● **DATA IN THIS EXERCISE**:

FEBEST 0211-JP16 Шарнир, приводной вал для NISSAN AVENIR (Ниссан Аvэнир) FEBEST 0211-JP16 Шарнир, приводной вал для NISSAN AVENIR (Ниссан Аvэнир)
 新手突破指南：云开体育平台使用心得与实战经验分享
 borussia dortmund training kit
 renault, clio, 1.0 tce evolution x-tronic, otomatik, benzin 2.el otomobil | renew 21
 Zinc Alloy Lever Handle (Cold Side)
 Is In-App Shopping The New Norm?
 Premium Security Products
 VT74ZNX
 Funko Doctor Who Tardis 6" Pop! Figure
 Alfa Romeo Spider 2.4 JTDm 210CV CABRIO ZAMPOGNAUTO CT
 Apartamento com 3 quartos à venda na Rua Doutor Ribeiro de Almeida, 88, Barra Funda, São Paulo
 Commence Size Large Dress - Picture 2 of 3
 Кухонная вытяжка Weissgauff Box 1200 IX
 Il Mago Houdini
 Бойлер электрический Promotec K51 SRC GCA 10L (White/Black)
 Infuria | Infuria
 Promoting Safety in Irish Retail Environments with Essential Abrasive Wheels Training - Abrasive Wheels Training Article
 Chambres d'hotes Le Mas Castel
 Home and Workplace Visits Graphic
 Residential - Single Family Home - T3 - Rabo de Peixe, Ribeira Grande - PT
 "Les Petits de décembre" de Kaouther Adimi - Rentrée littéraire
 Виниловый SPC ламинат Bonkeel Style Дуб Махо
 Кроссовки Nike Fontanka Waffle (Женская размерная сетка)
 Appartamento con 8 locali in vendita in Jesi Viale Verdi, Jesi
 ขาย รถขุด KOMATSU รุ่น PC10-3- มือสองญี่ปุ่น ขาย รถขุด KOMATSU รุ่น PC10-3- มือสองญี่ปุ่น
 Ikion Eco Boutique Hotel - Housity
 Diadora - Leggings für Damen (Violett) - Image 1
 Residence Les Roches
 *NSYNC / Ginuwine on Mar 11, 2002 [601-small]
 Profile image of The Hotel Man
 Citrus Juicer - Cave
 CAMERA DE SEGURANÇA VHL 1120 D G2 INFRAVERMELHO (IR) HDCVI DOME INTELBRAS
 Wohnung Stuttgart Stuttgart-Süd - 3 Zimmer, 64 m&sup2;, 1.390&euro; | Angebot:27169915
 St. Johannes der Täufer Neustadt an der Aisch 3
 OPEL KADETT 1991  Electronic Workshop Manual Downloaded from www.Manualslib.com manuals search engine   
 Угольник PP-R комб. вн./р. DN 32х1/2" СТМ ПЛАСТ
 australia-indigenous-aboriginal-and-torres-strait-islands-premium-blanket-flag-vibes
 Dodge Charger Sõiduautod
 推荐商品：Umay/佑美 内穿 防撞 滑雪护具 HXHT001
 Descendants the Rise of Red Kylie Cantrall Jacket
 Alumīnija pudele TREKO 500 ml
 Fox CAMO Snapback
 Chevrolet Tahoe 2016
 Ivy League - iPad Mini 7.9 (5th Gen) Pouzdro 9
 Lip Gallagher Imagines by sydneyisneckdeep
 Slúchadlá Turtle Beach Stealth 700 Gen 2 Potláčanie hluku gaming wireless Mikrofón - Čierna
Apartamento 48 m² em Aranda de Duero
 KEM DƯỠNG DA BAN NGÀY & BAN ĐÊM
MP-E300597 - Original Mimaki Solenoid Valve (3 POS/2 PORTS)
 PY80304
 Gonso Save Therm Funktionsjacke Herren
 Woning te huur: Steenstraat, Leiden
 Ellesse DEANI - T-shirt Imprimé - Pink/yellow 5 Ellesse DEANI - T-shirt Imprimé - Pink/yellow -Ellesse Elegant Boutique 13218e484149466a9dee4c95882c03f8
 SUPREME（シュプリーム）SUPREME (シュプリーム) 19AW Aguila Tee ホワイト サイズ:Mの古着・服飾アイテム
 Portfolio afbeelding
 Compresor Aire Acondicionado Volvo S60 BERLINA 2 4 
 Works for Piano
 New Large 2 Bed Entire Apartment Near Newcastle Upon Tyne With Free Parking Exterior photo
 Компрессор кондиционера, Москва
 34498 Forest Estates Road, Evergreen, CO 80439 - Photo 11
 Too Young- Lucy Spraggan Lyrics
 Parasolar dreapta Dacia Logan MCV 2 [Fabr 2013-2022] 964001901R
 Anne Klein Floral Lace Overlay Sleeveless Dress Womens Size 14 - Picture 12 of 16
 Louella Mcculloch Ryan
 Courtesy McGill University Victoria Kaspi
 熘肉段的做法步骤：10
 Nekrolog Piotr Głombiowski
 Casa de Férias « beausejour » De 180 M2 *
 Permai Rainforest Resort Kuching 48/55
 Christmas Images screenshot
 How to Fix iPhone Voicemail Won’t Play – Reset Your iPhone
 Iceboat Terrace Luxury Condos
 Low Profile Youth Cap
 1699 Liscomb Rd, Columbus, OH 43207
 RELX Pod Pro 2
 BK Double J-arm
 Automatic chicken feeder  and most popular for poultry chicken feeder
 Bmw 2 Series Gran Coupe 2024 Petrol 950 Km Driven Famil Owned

● **WHAT YOU HAVE TO DO**: Copy out only the lines above from the one with "- Rentrée littéraire" to the one with "Citrus Juicer - Cave", inclusive, exactly as they stand.

● **REPLY**:
 "Les Petits de décembre" de Kaouther Adimi - Rentrée littéraire
 Виниловый SPC ламинат Bonkeel Style Дуб Махо
 Кроссовки Nike Fontanka Waffle (Женская размерная сетка)
 Appartamento con 8 locali in vendita in Jesi Viale Verdi, Jesi
 ขาย รถขุด KOMATSU รุ่น PC10-3- มือสองญี่ปุ่น ขาย รถขุด KOMATSU รุ่น PC10-3- มือสองญี่ปุ่น
 Ikion Eco Boutique Hotel - Housity
 Diadora - Leggings für Damen (Violett) - Image 1
 Residence Les Roches
 *NSYNC / Ginuwine on Mar 11, 2002 [601-small]
 Profile image of The Hotel Man
 Citrus Juicer - Cave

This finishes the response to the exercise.